Quand l'Opium finançait la colonie ...

L'opium a contribué jusqu'à 25% du budget de l'Indochine

 

Les textes qui suivent sont rédigés d'après le "Bulletin de la Société des Études Indochinoises de Saigon", de 1917.

 

L’opium en Indochine

Dès la conquête de l’Indochine, les français comprirent le parti financier qu’ils pouvaient tirer de l’opium dont l’usage était déjà répandu dans la population.

En 1861, deux français obtirent l’adjudication de la ferme de l’opium et leur entreprise devint vite prospère.

La ferme passa en 1864 à des chinois, d’abord à la congrégation des « Wang Tay » puis à celle des « Fockien ».

En 1881, le gouverneur M. Le Mure de Villers, décida de substituer à la ferme de l’opium le régime de la Régie directe. Il avait été reconnu, en effet, qu’entre les mains des chinois, la ferme de l’opium était  une arme dangereuse pour la sécurité et les intérêts des français.

Dès la fin de l’année 1881, l’Administration des Contributions directes fut crée, afin d’assurer l’exploitation des monopoles de l’opium et de l’alcool ainsi que de poursuivre la rentrée de l’impôt dont étaient toujours frappés le paddy et riz exportés. C’est à cette époque que date l’installation de la manufacture d’opium à Saigon.  

 

 Achats et Fabrication

L’opium fumé en Indochine provient en presque totalité de l’inde, suite à l’arrêt des exportations du Yunnan. Quant aux opiums tirés du Haut Tonkin ou du Laos, ils n’entrent que pour une part infime dans les stocks de la régie.

L’opium brut est transporté à l’unique manufacture de l’administration, celle que tous les Saigonnais connaissent.

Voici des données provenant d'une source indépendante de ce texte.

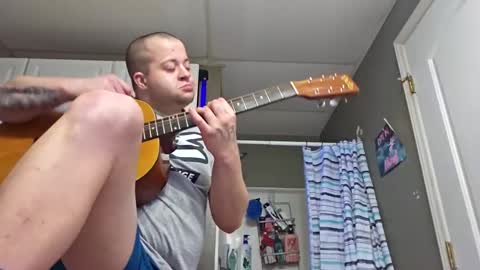 Snapshot of wundrsword33 chatting on March 2, 5:23 am BONER DONOR online show from March 2, 5:23 am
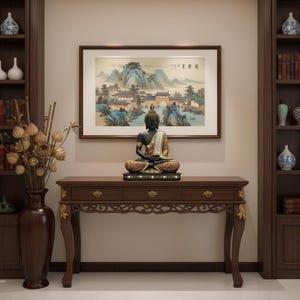 K&ouml;nnte beinhalten: Eine dunkelbraune Holzkonsolentisch mit drei Schubladen und goldenen Verzierungen. Eine sitzende Buddha-Statue steht auf dem Tisch, unter einem gerahmten Landschaftsbild. Dekorative Vasen und Regale befinden sich auf beiden Seiten.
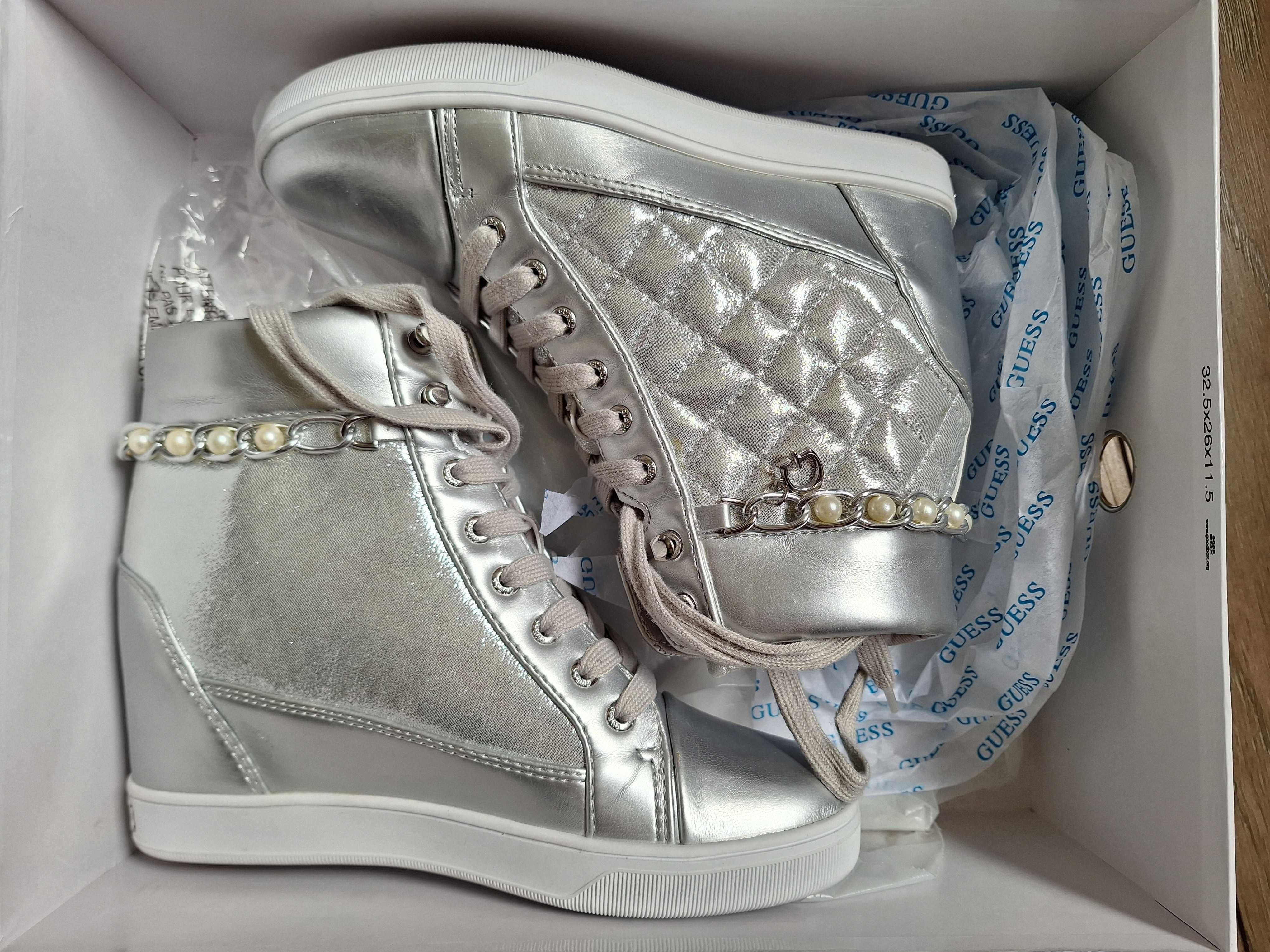 buty damskie sneakers Guess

Le traitement qu’il y subit a pour but de le transformer en opium des fumeurs, c’est à dire en une substance ayant la consistance d’un sirop très épais, débarrassé d’une notable partie des alcaloïdes que contient le suc de pavot et de certaines gommes dont l’action sur l’organisme ne manquerait pas d’avoir des effets dangereux.

L’opium est traité à Saigon suivant la méthode cantonaise : les seuls perfectionnements consistent dans l’emploi d’un matériel européen qui permet d’obtenir des rendements supérieurs à ceux des bouilleries chinoises et qui fournit un produit d’une plus grande pureté. L’ensemble des manipulations est reparti sur 3 journées.  

Emplacement de la manufacture d'Opium à Saigon

Lieux de culture de l'opium en Indochine vers 1925    Maspero, L'Indochine - Un empire colonial français, 1925

Monopole de vente

L’administration procède à des ventes directes auprès des débitants agrées

L’opium est livré aux fumeurs dans des boites en laiton de 5,10,20,40 et 100 grammes. Ces boites portent l’estampille de la Régie et des marques de lot qui permettent de se référer au procès verbal en cas de présomption de fraude.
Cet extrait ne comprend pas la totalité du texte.